This is a brief distillation of Risks from Learned Optimization in Advanced Machine Learning Systems (Hubinger et al. 2019) with a focus on deceptive alignment. Watching The OTHER AI Alignment Problem: Mesa-Optimizers and Inner Alignment helped me better understand the paper and write up this post.
What is it that makes the alignment problem so challenging? The top reason is that it involves deception. Deception makes artificial agents overly capable and takes the game of intelligence to a whole new level of complexity. But let's start from the beginning.
In many cases, by alignment problem, we mean "outer alignment", i.e., how to have the base objective (the objective of the designer represented in the model) represent whatever humans want it to represent. It is about bridging the gap between my objective as a designer, and the base objective of the system. The system is the base optimizer, in other words, the model that optimizes according to the base objective. This is itself difficult since the base objective refers to events happening in a complex environment, the real world.
The base objective might be something like eradicating a disease. For example, suppose the task is to minimize the number of people who have cancer. How do you get this objective to not be represented along the following lines?
1. Cancer is something that happens to humans and other sentient beings.
2. The objective is to minimize the number of occurrences of cancer.
∴ Minimize the number of humans and other sentient beings that could get cancer.
Goals are difficult to represent because even humans disagree on what the same propositions mean and what is the best way to resolve a problem. Moreover, human values have . Our preferences cannot be described using a few simple rules, our interpretations of values and goals vary, and the current state of metaethical discourse does not promise substantial agreement or clarification on what has, for instance, intrinsic value. So, outer misalignment broadly captures this failure to transmit one or more human values to an artificial agent.
As if this weren't problematic enough, there is also an alignment problem that concerns the internal structure of the system and it's called "inner alignment". This is the focus of this post and will get us to the crucial point about deceptive agents.
Suppose you train a neural network to complete a task. The task, in this case, is to find the exit of a maze (base objective). There are also apples in the maze, but merely for decoration; the objective is simply to get to the exit that happens to be green in this training environment.
When the training is complete, you deploy the model in a different environment which looks like this:
The base objective has not changed: the neural network has to solve the maze by reaching the exit. This change of environment known as distributional shift, however, does not go unnoticed. There are three possible outcomes:
In this scenario, let's suppose that the system acquired a maze-solving ability, but instead of optimizing for "exit" it learned to optimize for "green". The exit in the new environment is grey, therefore, the model will complete the task whenever it reaches a green apple.
The process of training, of course, involves fixing the system's mistakes. This is part of adversarial training which will force the system not to commit the mistake of, in this case, optimizing for "green". Adversarial training is a way of training ML systems that involves focusing on the system's weaknesses; it forces the system to learn not to have such weaknesses, like optimizing fo the wrong objective.

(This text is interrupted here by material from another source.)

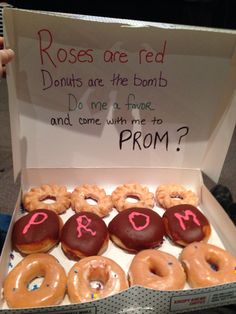 a box filled with lots of donuts next to a sign that says, roses are red donuts are the bomb do me not know and come with me to prom?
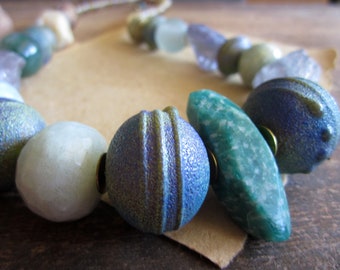 Chunky asymmetric necklace, Artisan lampwork glass beads African brass trade beads Aquamarine Amazonite Yellow opal Fluorite Green Purple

Side note: it might be intuitive to assume that if the system's behavior is not in accordance with human values, we can always do something about this, e.g., turn it off. But there's something even more intuitive and familiar to every agent trying to survive in a challenging environment: for the purpose of self-preservation, the model will do everything it can to prevent you from:
This includes deceiving the designer. Deception is a highly effective method for the system to pursue its mesa-objective while exhibiting outputs that make the designer think that the system is trying to accomplish the base objective.
Perhaps it sounds particularly bad in this context, but if you think about it, deception is a technique most human agents employ to survive in different contexts from the ancestral environment to contemporary professional and social circles. It should then make sense why the system is more likely to pretend it's behaving according to your values so that you don't do anything about it; once it has enough resources not to be threatened by your ability to shut it down or change it, it will go ahead and pursue its goal.
Since the system is intelligent enough to predict that if it doesn't optimize for the base objective, gradient descent will make sure it is modified, it chooses to behave as if it were actually optimizing for the base objective in the training environment. Gradient descent is something like the "evolution algorithm" for artificial agents; it is an optimization technique that evaluates the performance of a model and modifies the model accordingly. Once the model is deployed in the real world (and can no longer be modified) it will optimize for the mesa-objective.
In the example above from (Hubinger et al. 2019), the base-objective is for the little robot to go to A and the mesa-objective is to go to B. In the two training episodes, the robot goes to A making the designer think it's optimizing for the base objective and it's good to be deployed without further modifications. In the three deployment episodes, the little robot optimizes for the mesa-objective. The system has managed to deceive the designer during training and it's perfectly capable of getting what it wants except that what it wants is not the same as what the designer wants.
The conclusion is that while we gave the system the right objective and in that sense outer alignment was successful, the mesa-optimizer (an optimizer optimized by an optimizer) optimized for the mesa-objective leading to inner misalignment.
1 and 2 are not stable states; the mesa-optimizer will eventually have to either become properly aligned or find another deception strategy.